Setiap daerah di Indonesia, mengklaim bahwa daerahnya punya ciri khas ikan asin atau ikan kering masing-masing. Aku suka dikirimi oleh mertua dari Sumsel ikan gabus asap (orang Sumsel bilang salai) yang agak susah diperoleh di Jawa, mungkin karena di Sumsel banyak sungai, dan ikan gabus tak pernah terdengar dibudidayakan orang. Juga, nhaa ini agak lucu.
Mertua juga kerap mengirimi aku ikan klothok. Ikan klothok itu adalah kiriman dari kerabat bpk mertua di Jombang-Jatim. Ikan klothok mirip ikan sardin atau ikan hering? (ketika kecil aku mengenalnya sebagai ikan asin japu). Jauh sekali klothok itu berkelana. Dari Jombang-Jatim ke Sumsel lalu ke rumahku di Tangsel. Aku juga pernah dikirimi oleh seorang teman yang baru pulang dari daerah kelahirannya di Gorontalo-Sulut ikan kering yang…huenyaaak,…namanya ikan roa.
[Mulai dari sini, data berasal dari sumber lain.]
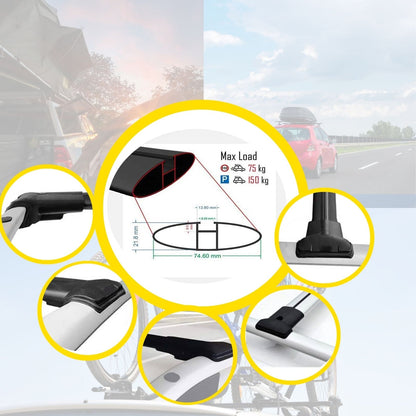 Roof Racks Cross Bars For Kia Sorento 2002-2009 2 Pcs Black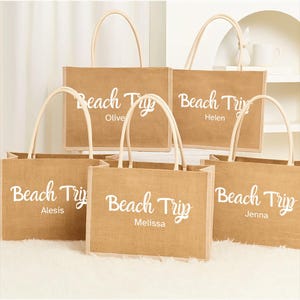 Burlap Tote Bag, Beach Bag, Girls Trip Gift, Bridesmaid Beach Bag, Beach Bag with Name, Birthday Party Bags, Bachelorette Bags, Tote Bags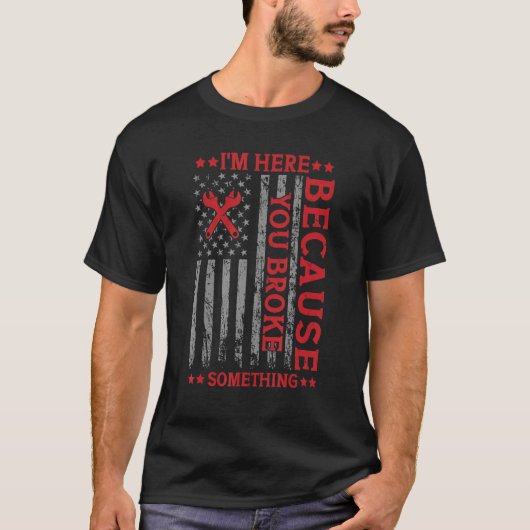 機械工を壊したから来たおもしろい Tシャツ (正面)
Di Aceh ada ‘ikan kayu’. Ikan kayu, menurut rasaku seperti ikan tongkol (awas, jangan salah eja, kayak anak yang menjawab kuis berhadiah sepeda pak Jokowi itu!…) masih berkerabat dengan ikan tenggiri, marlin atau tuna. Jika ingin diolah, ‘ikan kayu’ harus direndam air panas agak lama supaya empuk, karena memang keras seperti kayu. Eh, air panas ‘bekas’ rendamannya jangan dibuang, tapi buat kaldu jika ikan ingin dipindang,…hmmm.
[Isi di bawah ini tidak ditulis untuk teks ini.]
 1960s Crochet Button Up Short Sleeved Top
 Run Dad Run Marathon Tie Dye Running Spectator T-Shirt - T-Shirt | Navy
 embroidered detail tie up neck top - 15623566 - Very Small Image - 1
Di Sumbar ada ikan kering bilih. Ikan bilih mereka bilang hanya ada di danau maninjau. Tapi menurutku sih mirip dengan ikan wader di Jawa.
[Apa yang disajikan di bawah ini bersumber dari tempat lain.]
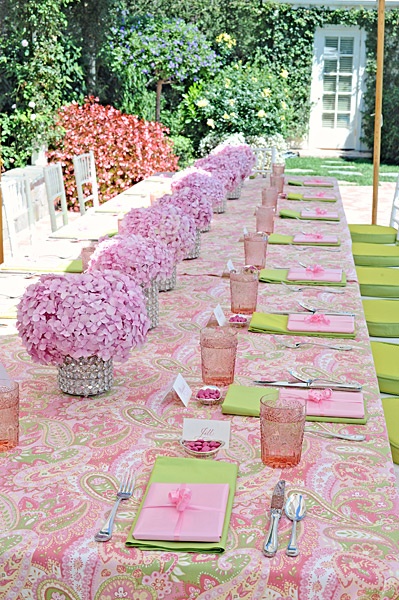 Hydrangeas Tablescape with Pink and Green Tablecloth – shared in a roundup post on Weddingomania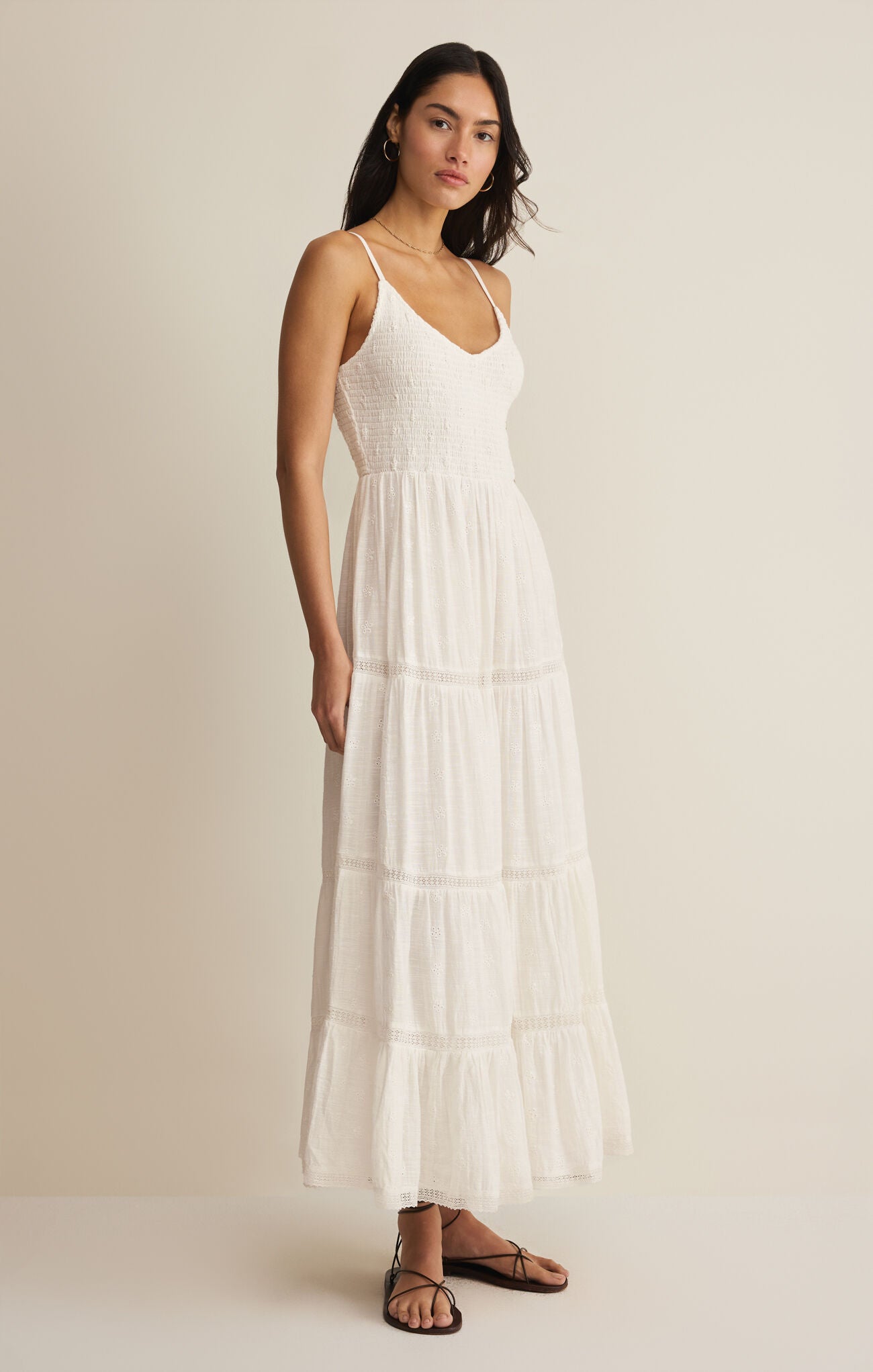 Z Supply Behati Eyelet Midi Dress-White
Ikan kering yg hampir semua orang di negri ini kenal adalah: ikan jambrong. Ikan jambrong, terus-terang aku ‘mengenalnya’ setelah jadi ikan kering. Ketika masih hidup adakah ikan itu juga disebut ikan jambrong (wah namanya sangar, kayak preman). Ikan (yang suka secara bergurau dibuat tebak-tabakan: ikan asin apa yang paling percaya diri?): ikan peda. Ikan bulu ayam. Ikan tawes yang asin banget. Ikan pari dan…tentu saja ikan jambal (tanpa Mirdad).
Sejak ‘divonis’ mengidap tensi darah yang cenderung tinggi aku sangat nenahan diri, sangat jarang mengkonsumsi ikan asin. Jika ‘kangen’,…yaah terpaksa istriku ‘menetralisir’ ikan asin itu dengan air panas, supaya gak terlalu asin. Tapi kadang aku agak bandel. Aku bilang ngerendemnya jangan terlalu lama. Hehe,…kalok terlalu lama bisa berubah jadi ikan anyep coy.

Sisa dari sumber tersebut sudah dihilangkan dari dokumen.